Os anos passaram, mas minha admiração permaneceu intacta. Suas letras profundas e provocativas sempre me acompanharam, como trilha sonora de uma vida cheia de perguntas. Então, veio Sofia. Minha filha. Pequena, curiosa, crescendo em um mundo tão diferente do meu. Eu nunca forcei nada, nunca impus meu gosto musical. Mas, de alguma forma que até hoje desconheço, ela se encantou por Dylan. Passou a ouvir suas músicas, a pesquisar sua biografia, a tentar entender o homem por trás da poesia.

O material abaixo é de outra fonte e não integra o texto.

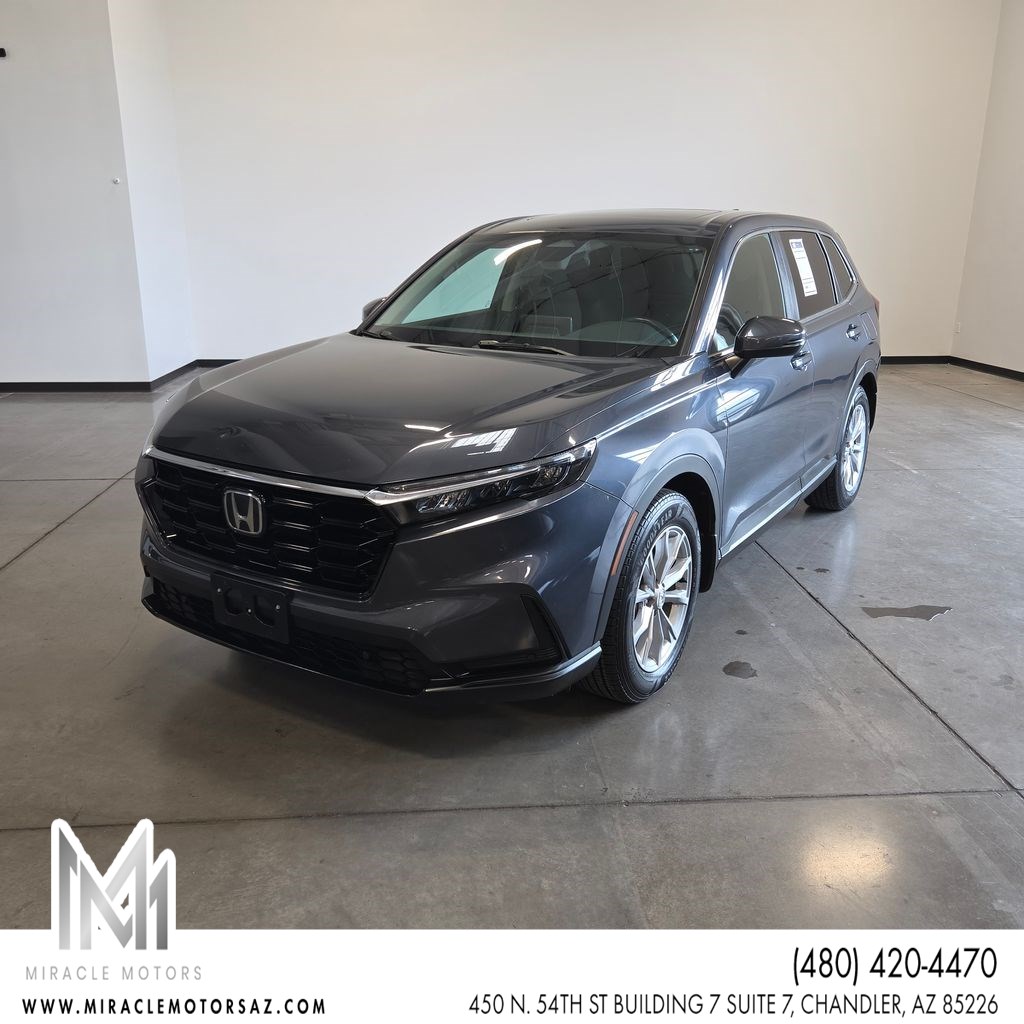 2023 Honda CR-V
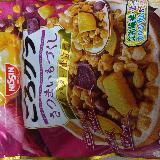 バターの風味が豊か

Um dia, há cerca de um ano, ela me deu uma notícia que fez meu coração acelerar: estavam produzindo um novo filme sobre Dylan, Um Completo Estranho. Fizemos um trato ali mesmo – quando estreasse, iríamos juntos.
E finalmente chegou o dia. Sentamos lado a lado no cinema, cercados por estranhos que, como nós, tinham algo em comum: uma ligação invisível com aquele cantor que atravessou décadas sem perder a relevância. As luzes se apagaram. Logo na primeira cena, um arrepio tomou conta de mim. O ator não era apenas parecido com Dylan; ele era Dylan. A história se desenrolava diante dos meus olhos como um filme dentro do filme – porque eu já conhecia cada detalhe, cada reviravolta, cada verso escrito por aquele gênio.
Mas o que realmente me emocionou não foi só reviver a trajetória do meu ídolo. Foi olhar para o lado e ver Sofia, tão jovem, tão entregue, tão tocada quanto eu. Seus olhos brilhavam, e os meus também. Para nós dois, BD não era Um Completo Estranho.
Saímos do cinema sem precisar dizer muita coisa. Às vezes, a música tem esse poder: conecta almas sem necessidade de explicações. E ali, sob as luzes da cidade, percebi que Bob Dylan nos deu mais do que versos e melodias. Nos deu um laço, um momento, uma história para guardar.
E, no fim das contas, talvez seja essa a verdadeira magia da música.